Kenya: pour les athlètes femmes comme Agnes Tirop, poignardée à mort, succès rime avec danger

DR

Le 23/10/2021 à 08h53, mis à jour le 23/10/2021 à 08h53

Avec le succès vient le danger: le meurtre la semaine dernière de l'étoile montante de l'athlétisme kényan Agnes Tirop a révélé la face cachée, parfois tragique, du succès des femmes athlètes dans une société très masculine.

Pressions sociales, dépression, exploitation financière: les risques sont nombreux pour les jeunes femmes confrontées à un succès météoritique. Ils viennent souvent de leurs entourages, entraîneurs, agents ou même de leurs proches.

"Les femmes athlètes doivent porter le fardeau de toute une famille", affirme l'ancienne marathonienne Mary Keitany, quelques jours après que son ancienne partenaire d'entraînement, Agnes Tirop, a été retrouvée poignardée à mort à son domicile. Elle avait 25 ans.

Arrêté par la police, le mari de la prometteuse double médaillée mondiale du 10.000 m (3e en 2017 et 2019) et 4e des Jeux olympiques de Tokyo sur 5.000 m est le principal suspect.

Durant sa carrière, Keitany a vu de nombreuses jeunes athlètes, comme Tirop, batailler pour tenter d'équilibrer leur vie sportive exigeante avec les attentes et pressions sociales, autour du mariage et de la maternité notamment, tout en étant le principal soutien financier de leur famille élargie.

Selon la quadruple lauréate du marathon de New York, beaucoup de ces jeunes femmes qui se sont consacrées à leur sport dès le plus jeune âge, n'ont pas l'éducation nécessaire pour gérer leurs finances, les exposant à être utilisées comme des "vaches à lait" par des conjoints cupides.

"Elles se rendent compte quand il est trop tard que leur investissement leur échappe et elles sombrent dans la dépression", explique l'athlète à la retraite, mère de deux enfants.

"Loups"

Comme pour Tirop, née dans une famille paysanne de la vallée du Rift, le succès sportif constitue pour de nombreux Kényans le moyen de sortir de la pauvreté.

Ils s'investissent dans des camps d'entraînement, lieux qui échappent souvent aux règles et connus pour être des foyers de dérives sexuelles.
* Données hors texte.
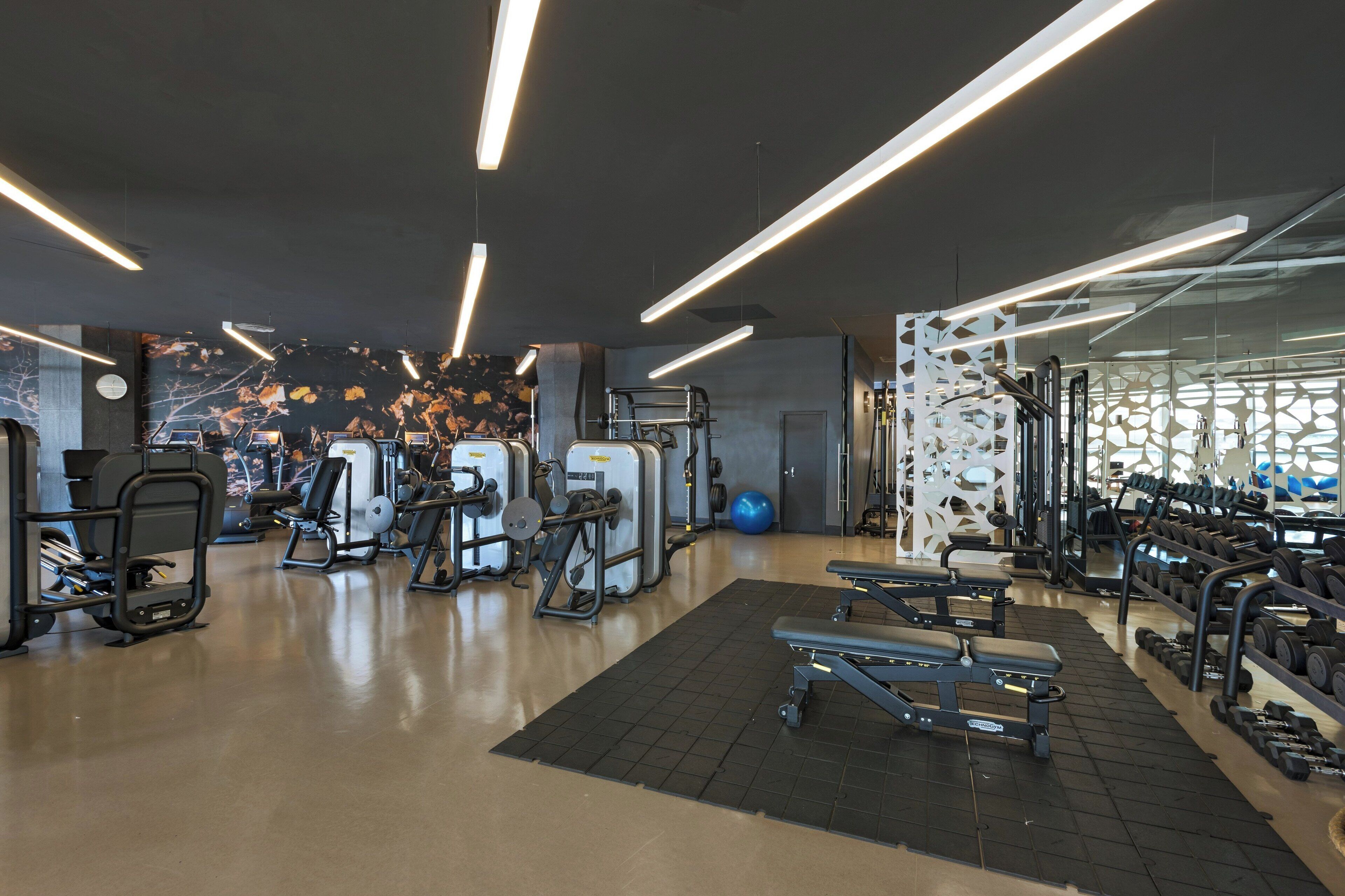 A modern gym with various exercise equipment, a bench, and a wall with a decorative pattern.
Deux camps dans la vallée du Rift ont été fermés ces dernières années par la Fédération kényane d'athlétisme (AK) pour avoir prétendument exploité des jeunes femmes.

"Il y a tellement de loups là-bas qui attendent pour s'attaquer à ces filles", souligne Tegla Loroupe, ancienne détentrice du record du monde du marathon, aujourd'hui âgée 48 ans.
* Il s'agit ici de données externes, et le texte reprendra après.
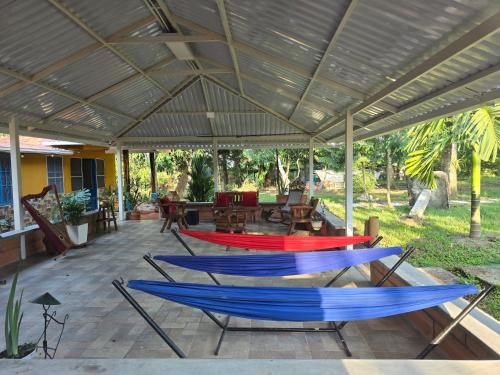 a patio with blue and red hammocks under a roof at Mirador San Miguel in San José del Guaviare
Des agents payent les familles pour les convaincre de "forcer les filles à abandonner l'école prématurément et à participer à des courses à l'étranger", ajoute-t-elle.

"Les jeunes athlètes ne peuvent pas gérer la renommée et l'argent qui leur arrivent si soudainement", estime Wilfred Bungei, champion olympique 2008 du 800 m qui conseille désormais des athlètes en difficulté après avoir lui-même combattu l'alcoolisme.
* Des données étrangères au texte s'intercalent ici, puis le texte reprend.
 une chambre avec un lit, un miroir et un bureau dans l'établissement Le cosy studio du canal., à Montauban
Les jeunes hommes dépensent leur fortune dans des voitures de luxe ou dans l'alcool; les femmes peuvent, elles, être confrontées à des relations toxiques avec des hommes prédateurs, estime-t-il.

"Signal d'alarme"

"La mort de Tirop est un signal d'alarme", affirme à l'AFP le porte-parole de la fédération kényane, Dominic Ondieki.

"Les athlètes s'ouvrent maintenant et révèlent les problèmes auxquelles elles sont confrontées dans leur foyer. Il semble que la plupart souffrent en silence", souligne-t-il: "Elles semblent manquer du pouvoir de décision qui est souvent laissé à leurs maris qui prennent le plein contrôle des finances de la famille".

La fédération organise en décembre un atelier sur les droits économiques et sociaux des femmes dans leur foyer et dans leurs relations, en présence de psychologues du sport et des conseillers familiaux.

Mais selon beaucoup d'observateurs, le chantier reste énorme pour soutenir les jeunes femmes qui font la gloire de ce pays d'Afrique de l'Est.

Avec une carrière brillante, une famille et des investissements commerciaux lui assurant sa retraite, Mary Keitany est un rare exemple de réussite à la fois personnelle et professionnelle.

Pour l'ancienne athlète de 39 ans, qui n'a commencé à courir qu'après la naissance de son premier enfant, il faut d'abord que cesse la pression omniprésente sur ces femmes.

"Une femme athlète est censée avoir des enfants, se battre rapidement pour perdre du poids, se remettre en forme et reprendre la compétition afin de mettre de la nourriture sur la table pour toute la famille", affirme-t-elle: "Certains hommes ne font qu'attendre pour tirer profit de leur travail, ça devrait être sanctionné."